(Aim of the exercise):
Pictures do not belong in the copy. Return all of the entries exactly.
Start of Source material
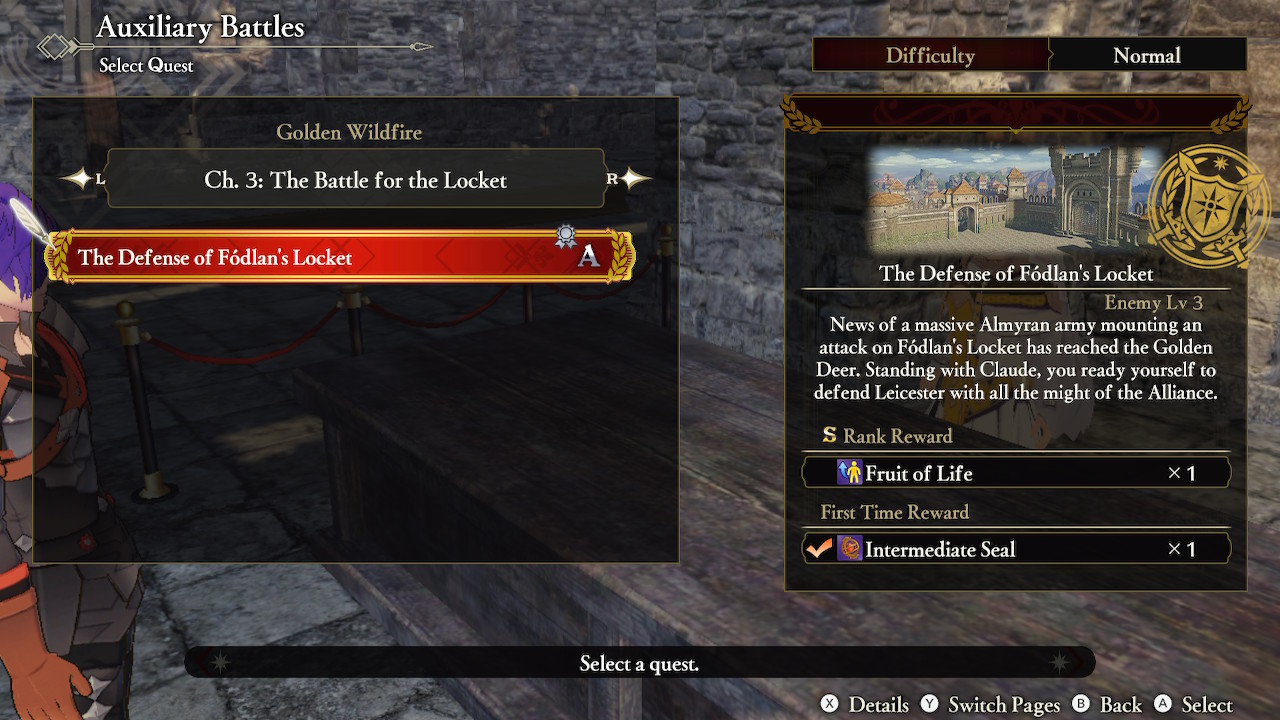 How to get Intermediate Seals in Fire Emblem Warriors Three Hopes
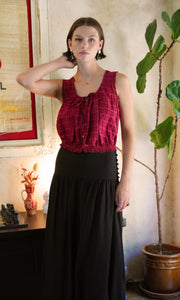 Clara Textured Eyelet Detail Bubble Hem Top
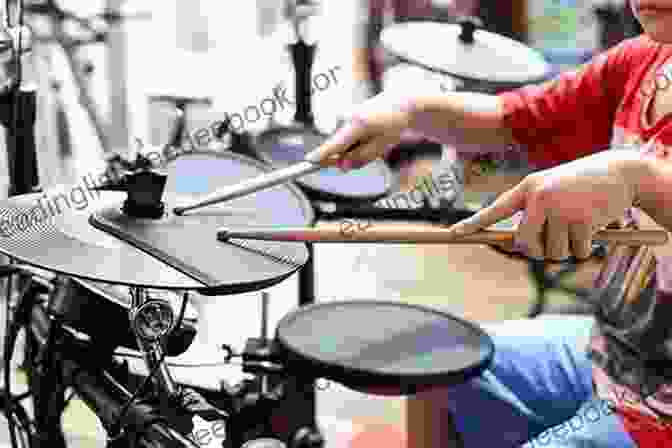 A Professional Drummer Playing A Drum Set With Great Technique Drive The Drum Set Method 1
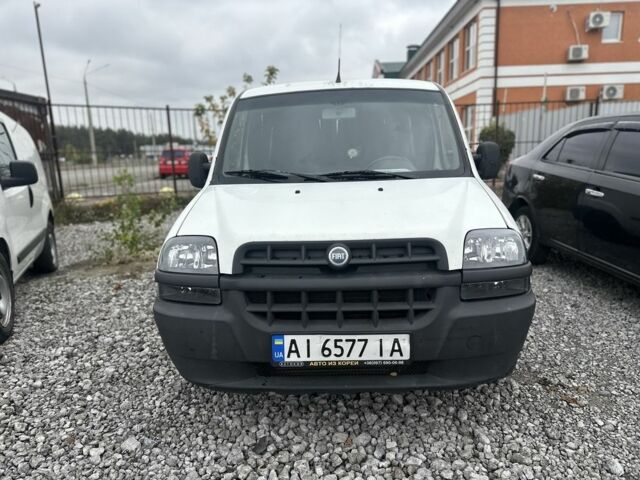 Белый Фиат Добло, объемом двигателя 1.9 л и пробегом 270 тыс. км за 3950 $, фото 1 на Automoto.ua
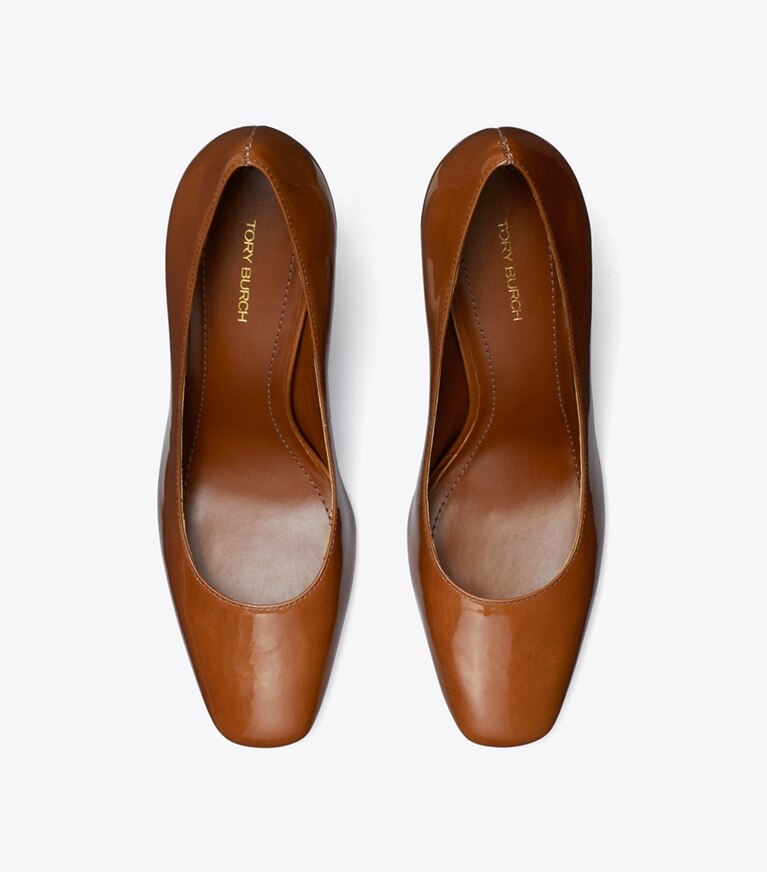 Tory Burch designer ヒール バナナ ヒール パンプス in Cuoio angle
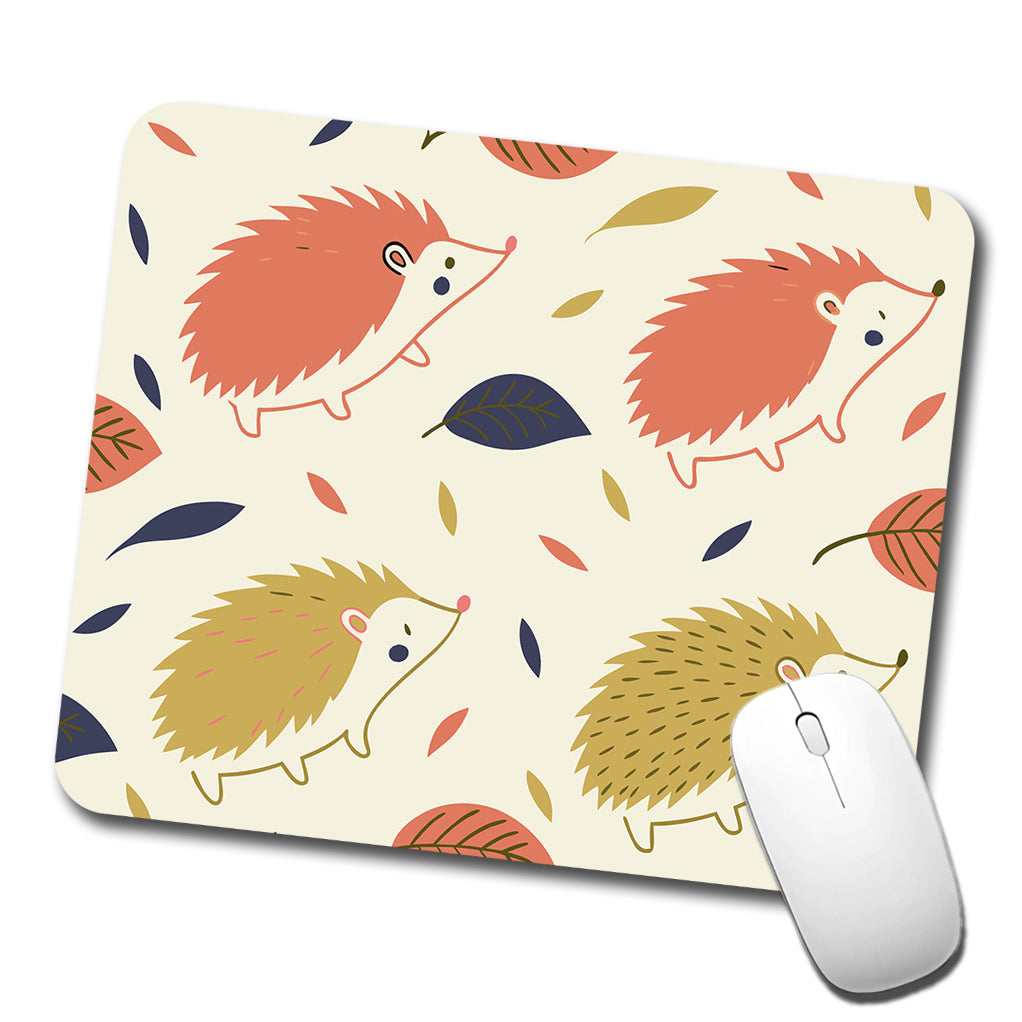Scattered Hedgehogs Cute Low Profile Mouse Pad Mat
End of Source material
(Your response):
 How to get Intermediate Seals in Fire Emblem Warriors Three Hopes
 Clara Textured Eyelet Detail Bubble Hem Top
 A Professional Drummer Playing A Drum Set With Great Technique Drive The Drum Set Method 1
 Белый Фиат Добло, объемом двигателя 1.9 л и пробегом 270 тыс. км за 3950 $, фото 1 на Automoto.ua
 Tory Burch designer ヒール バナナ ヒール パンプス in Cuoio angle
Scattered Hedgehogs Cute Low Profile Mouse Pad Mat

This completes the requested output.